Task data:

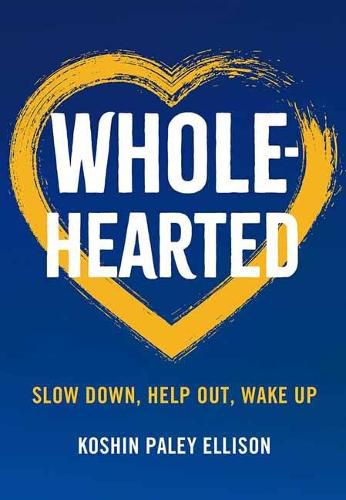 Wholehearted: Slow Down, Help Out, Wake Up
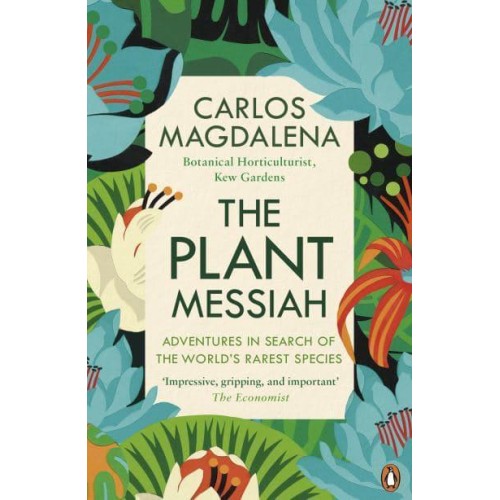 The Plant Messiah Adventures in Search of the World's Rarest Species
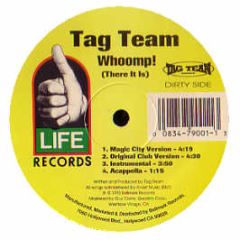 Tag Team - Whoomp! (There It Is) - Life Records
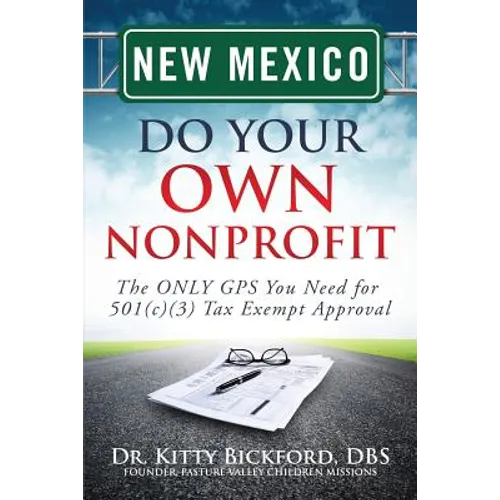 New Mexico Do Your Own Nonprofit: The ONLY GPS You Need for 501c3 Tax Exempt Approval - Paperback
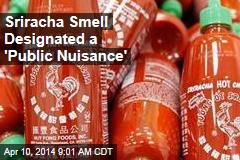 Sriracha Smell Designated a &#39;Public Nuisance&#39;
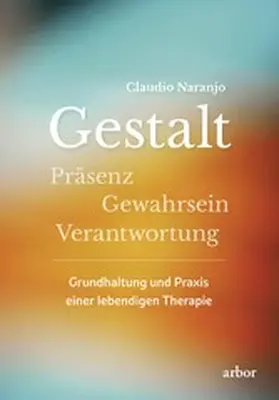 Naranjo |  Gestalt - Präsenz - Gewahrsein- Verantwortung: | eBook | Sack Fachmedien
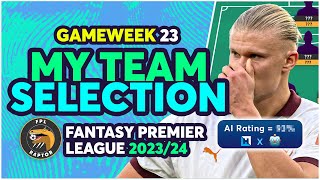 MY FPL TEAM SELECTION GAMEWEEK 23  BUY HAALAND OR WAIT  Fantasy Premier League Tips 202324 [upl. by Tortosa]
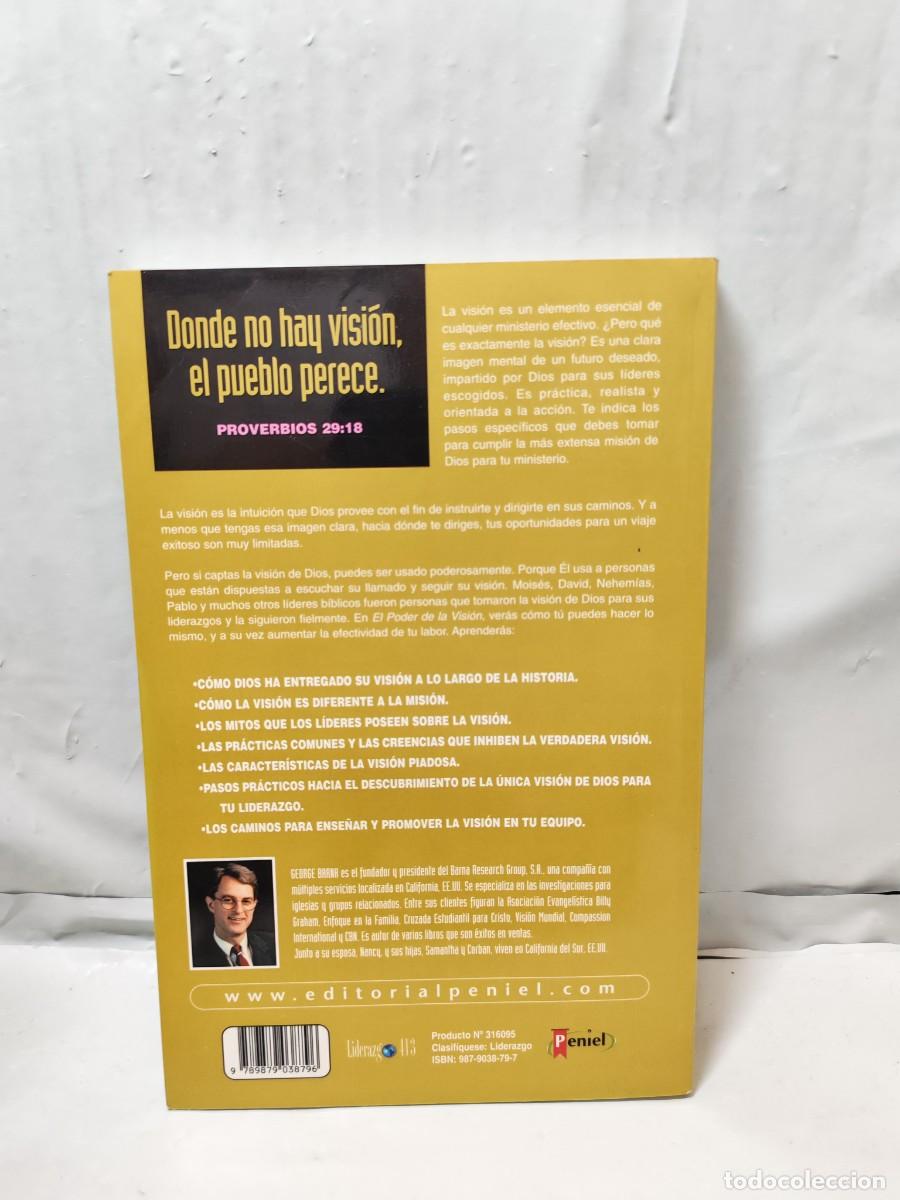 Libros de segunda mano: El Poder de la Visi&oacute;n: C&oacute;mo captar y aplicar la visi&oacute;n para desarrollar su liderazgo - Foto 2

--

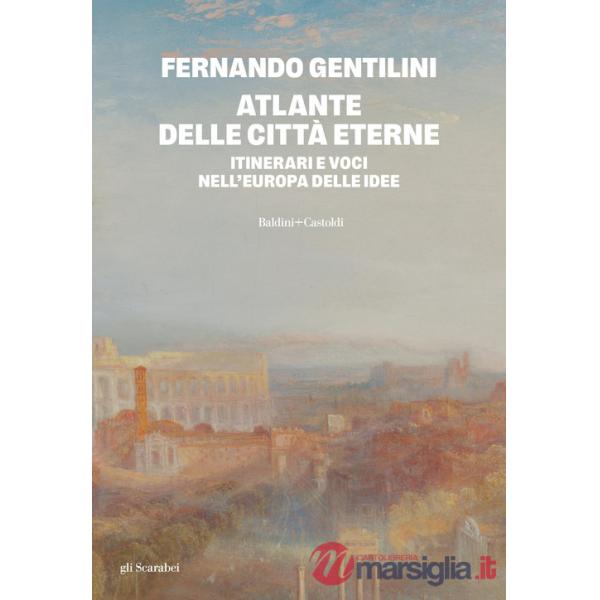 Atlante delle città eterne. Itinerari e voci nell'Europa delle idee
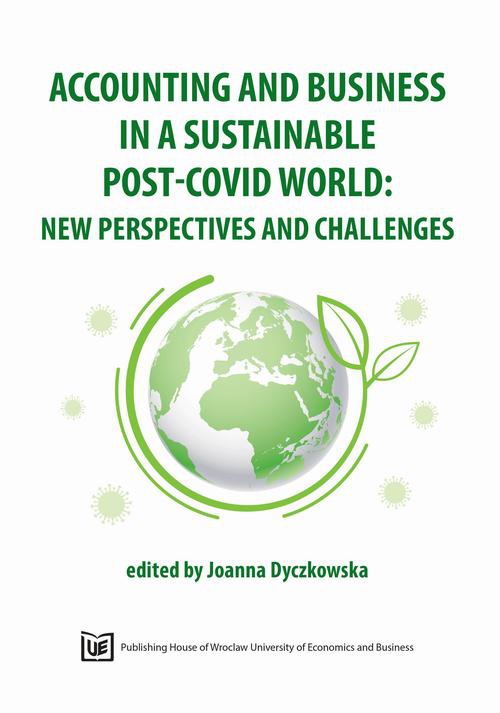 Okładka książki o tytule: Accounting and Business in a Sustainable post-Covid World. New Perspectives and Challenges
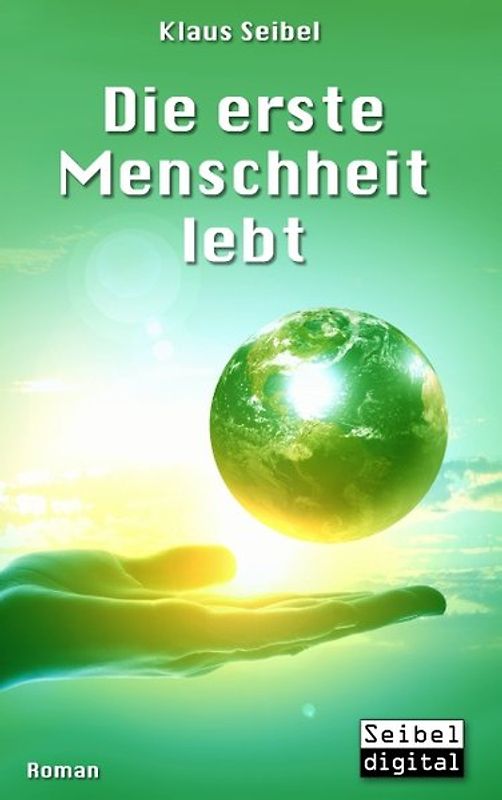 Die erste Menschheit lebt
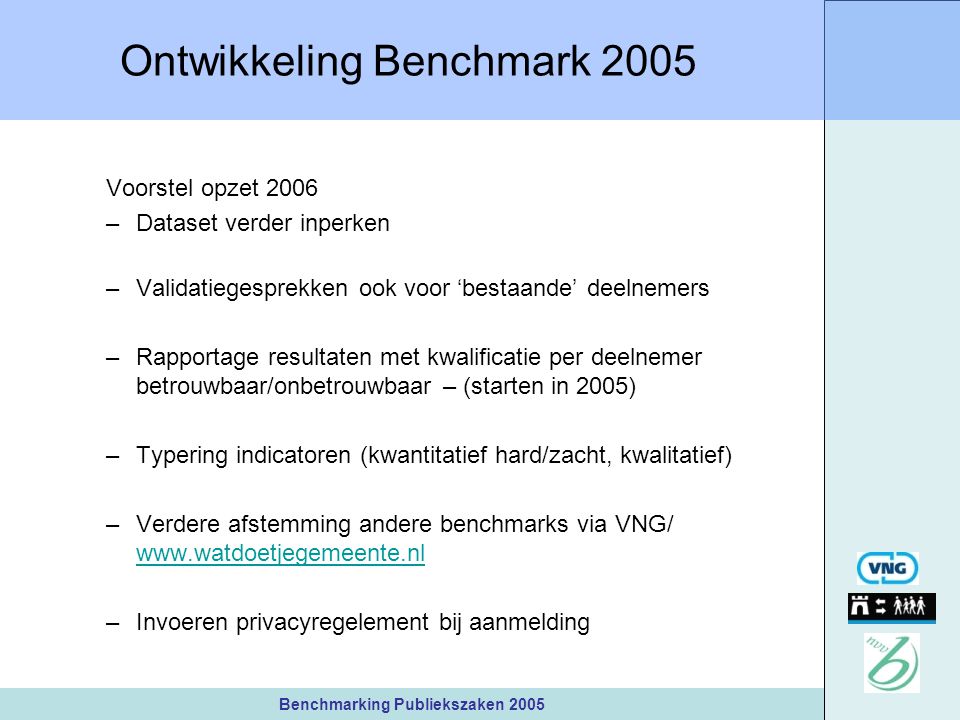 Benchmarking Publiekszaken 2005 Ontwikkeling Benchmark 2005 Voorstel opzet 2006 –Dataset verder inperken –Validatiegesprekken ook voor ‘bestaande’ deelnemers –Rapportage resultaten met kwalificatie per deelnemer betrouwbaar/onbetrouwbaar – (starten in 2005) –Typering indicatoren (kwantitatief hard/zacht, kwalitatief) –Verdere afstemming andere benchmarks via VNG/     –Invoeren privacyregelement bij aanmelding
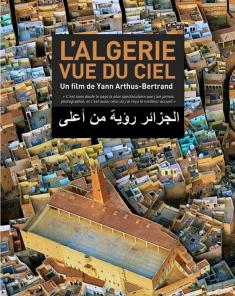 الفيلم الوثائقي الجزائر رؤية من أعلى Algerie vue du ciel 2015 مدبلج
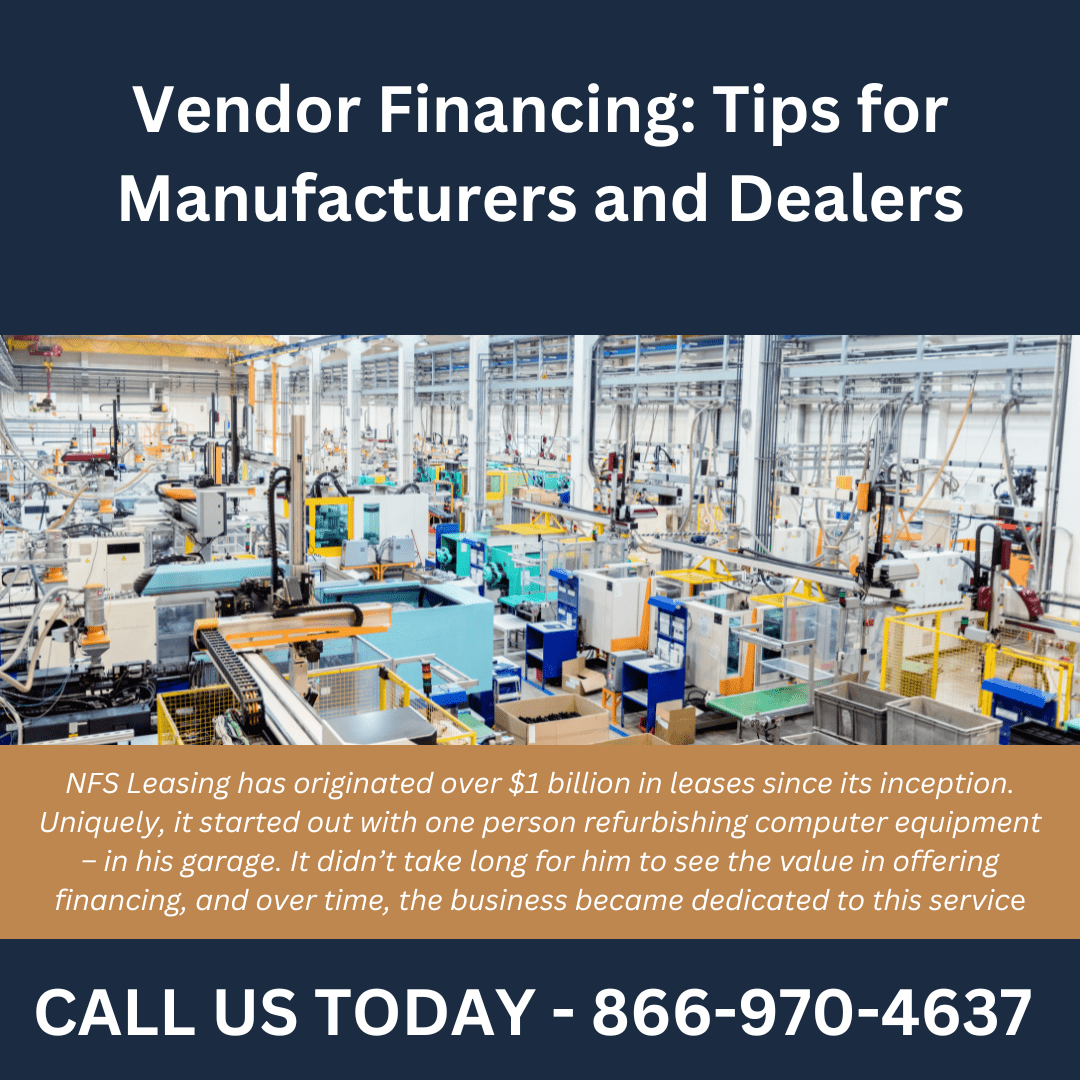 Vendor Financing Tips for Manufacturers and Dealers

...

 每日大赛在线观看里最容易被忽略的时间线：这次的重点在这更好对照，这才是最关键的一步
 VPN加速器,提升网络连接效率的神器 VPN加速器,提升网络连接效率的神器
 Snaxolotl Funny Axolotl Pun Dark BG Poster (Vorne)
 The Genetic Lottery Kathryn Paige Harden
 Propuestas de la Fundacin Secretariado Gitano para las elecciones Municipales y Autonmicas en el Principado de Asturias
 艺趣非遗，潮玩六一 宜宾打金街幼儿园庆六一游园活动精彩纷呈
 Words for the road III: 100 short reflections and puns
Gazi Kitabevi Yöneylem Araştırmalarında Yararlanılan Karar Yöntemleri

What to work on:
Output should consist of the lines above from the one with "Okładka książki o" down to the one with "Vendor Financing Tips", exact and without pictures.

Task output:
 Okładka książki o tytule: Accounting and Business in a Sustainable post-Covid World. New Perspectives and Challenges
 Die erste Menschheit lebt
 Benchmarking Publiekszaken 2005 Ontwikkeling Benchmark 2005 Voorstel opzet 2006 –Dataset verder inperken –Validatiegesprekken ook voor ‘bestaande’ deelnemers –Rapportage resultaten met kwalificatie per deelnemer betrouwbaar/onbetrouwbaar – (starten in 2005) –Typering indicatoren (kwantitatief hard/zacht, kwalitatief) –Verdere afstemming andere benchmarks via VNG/     –Invoeren privacyregelement bij aanmelding
 الفيلم الوثائقي الجزائر رؤية من أعلى Algerie vue du ciel 2015 مدبلج
 Vendor Financing Tips for Manufacturers and Dealers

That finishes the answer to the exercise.